Karena perhatian pengguna TikTok cenderung singkat, buatlah:
-
Video dengan hook yang kuat di 3 detik pertama
-
Durasi ideal sekitar 10–30 detik
-
Penyampaian langsung ke inti informasi
Format video yang padat dan cepat lebih efektif untuk mempertahankan perhatian penonton.

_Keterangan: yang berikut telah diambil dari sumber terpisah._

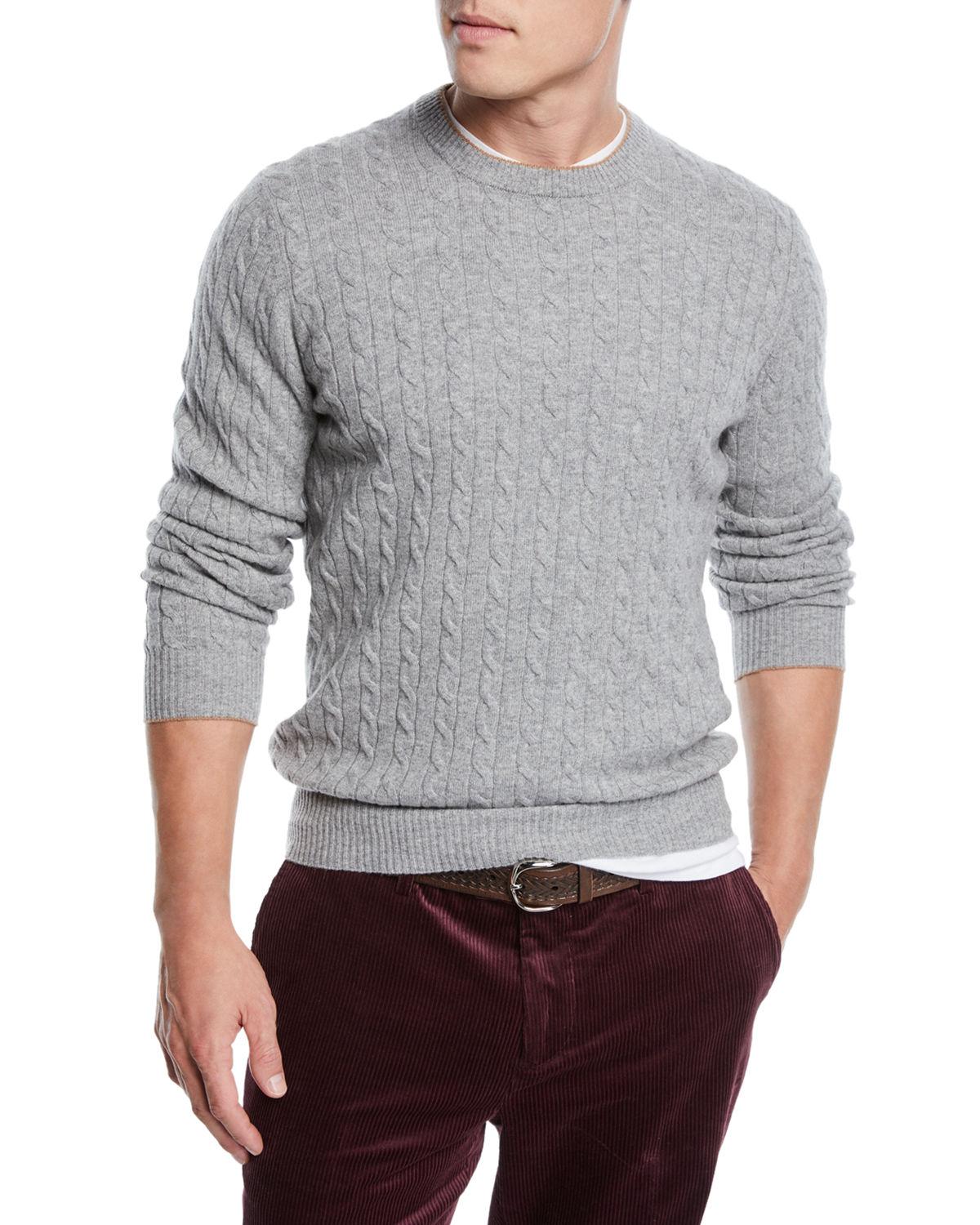 Brunello Cucinelli Men's Cashmere Cable-knit Crewneck Sweater in Gray ...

4. Kolaborasi dengan Kreator Lain
Kolaborasi adalah salah satu strategi untuk menjangkau audiens baru dan memperkuat kredibilitas akun. Jenis kolaborasi yang bisa dicoba, antara lain:
-
Dance challenge
-
Vlog singkat
-
Games seru
-
Interview pendek
-
Kolaborasi duet atau stitch
Kolaborasi dengan kreator yang memiliki jangkauan lebih luas juga membantu meningkatkan peluang konten masuk ke FYP.
5. Tulis Caption yang Menarik
Caption sering dianggap sebagai pelengkap, padahal memiliki peran penting dalam meningkatkan interaksi. Caption yang baik dapat mengundang komentar, like, dan share.
Gunakan:
-
Kalimat singkat namun memancing interaksi
-
Humor atau tren kata-kata yang sedang populer
-
CTA (call to action), misalnya “setuju nggak?”, “pilih yang mana?”
Tambahkan link bila konten memiliki tujuan promosi tertentu.
6. Gunakan Hashtag yang Relevan
Hashtag membantu TikTok memahami konteks konten dan menyalurkannya kepada audiens yang tepat. Kreator bisa menggunakan:
-
Hashtag tren
-
Hashtag niche
-
Hashtag relevan dengan tema konten
Tidak ada batasan jumlah tagar, namun pastikan semuanya relevan. Temukan tagar populer melalui fitur Discovery TikTok.